This sort of 'sociological Kantianism' leads to suitably universalistic interpretations, such as considering the structure of myths, but no corroboration is available. It is not possible to demonstrate linguistic competence among subjects, since these have been bracketed. The method of analysis -- 'spiralling' through a number of concrete examples to get to universal principles -- is not in itself sufficient to avoid problems. Thus Levi-Strauss oscillates between a commitment to relativism and a dogmatic form of interpretation, and the whole approach risks being ethnocentric [a French academic's ways of understanding -- more or less what Bourdieu says too. We know there has long been a suppressed connection between anthropology and colonialism, of course]. Finally, structuralism cannot give an account of its own origins, because the analysis stresses the synchronic rather than the diachronic dimension and lacks a proper account of the role of history [so somehow it just claims to have hit on some universal truth].

The same kind of problems haunts other structuralist positions. For example:

(a) Barthes attempts to go beyond mere analysis in his account of myth, and attempts a more critical approach using concepts such as ideology and false consciousness. However, this still runs the risk of seeing social forms as natural, and of failing to produce an adequate account of the system that produces myth in the first place.

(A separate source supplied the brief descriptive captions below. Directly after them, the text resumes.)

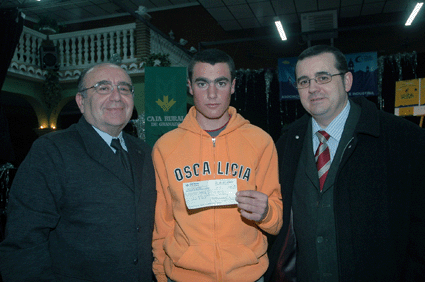 Christopher flanqueado por el primer edil de Loja y el pte. de los comerciantes (Foto Chapa)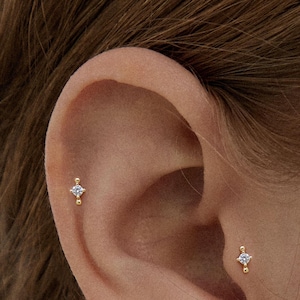 Tiny cz Stud • 925 Sterling Silver • Small Stud Earring • Tiny dainty earring • Tiny gold stud • Cartilage Earring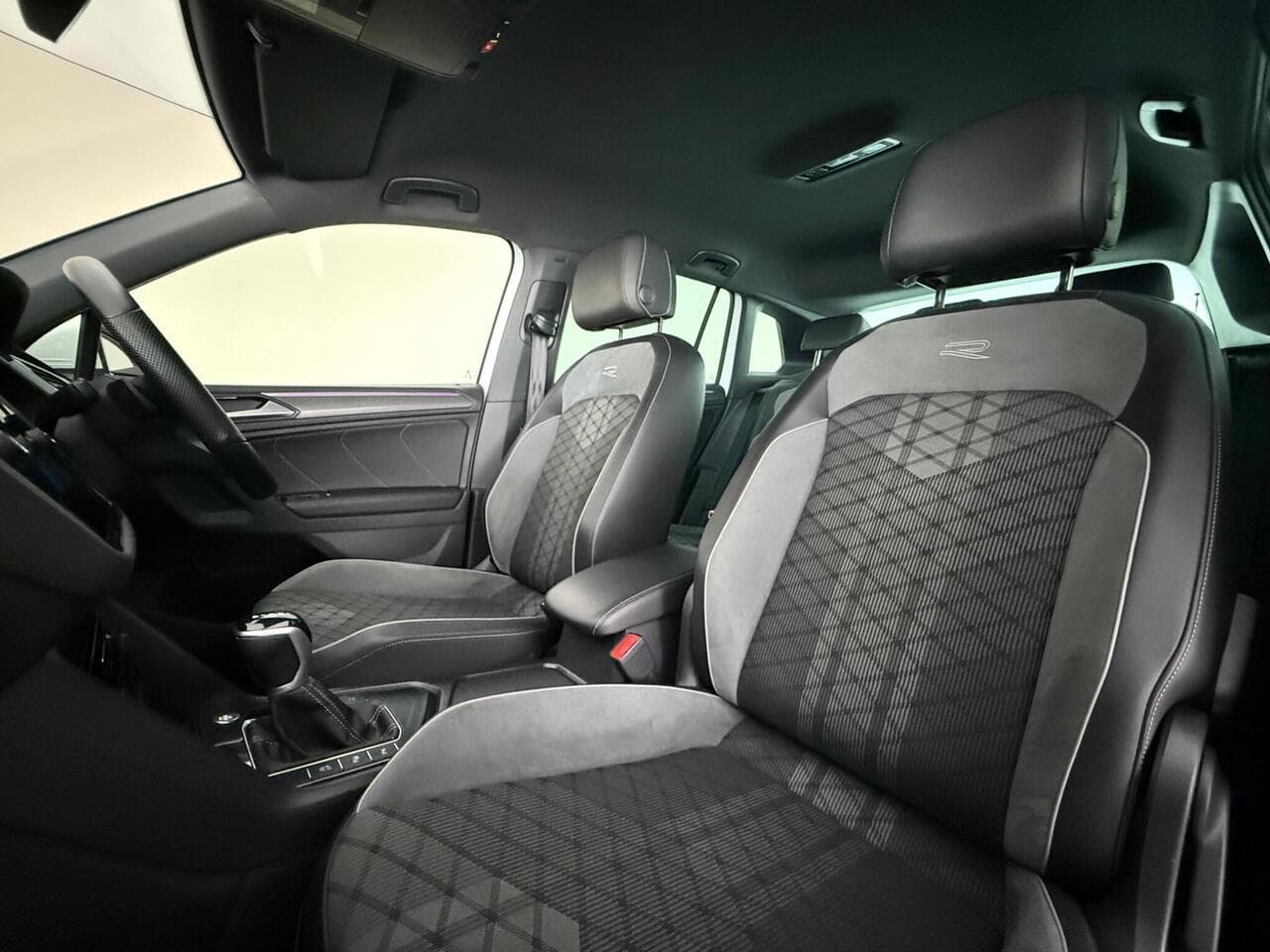 Volkswagen Tiguan thumbnail Seat Front Passenger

(b) This kind of work has been carried on by Derrida and the Tel Quel Group ['left Heideggerians' according to Giddens]. This work arises from focusing on the relations between signifier and signified, rather than those between code and message as in Levi-Strauss, but the same rejection of the Subject appears (drawn from both Levi-Strauss and Heidegger). Again, however, subjectivity is merely denied here rather than explained, and the same problem arises with formal analysis instead of historically grounded analysis. According to Derrida, for example, the signified is constituted only in language, rather than having some transcendental origin (which must be either idealist or positivist for Derrida). The process of 'writing' values the spacing inherent in the notion of difference (unlike Saussure, say, where language operates negatively to establish some fixed difference). The inevitable spatial and temporal dimension opened by this stress leads to Derrida has remark that 'to differ is to defer' (Giddens, page 31). Derrida also investigates the important topic of absences, which are detectable and recoverable only via traces. However, all this (including historicity) takes place only within the text, .

For people like Kristeva (taken as a representative of the Tel Quel tendency), the speaking subject is at last restored instead of being subsumed in the social system, but it is still a radically decentred subject. Consciousness is seen as involving mental acts which can be detected through language, and actual acts are seen as interdependent upon some primordial activity. Here, the subject is indeed produced, but again in a formalistic way, via Lacan [that is through various universal stages such as the mirror phase, when the 'I' emerges only as a result of the child signifying, as Giddens puts it, and recognising the split between signifier and signified, subject and object -- see file on this].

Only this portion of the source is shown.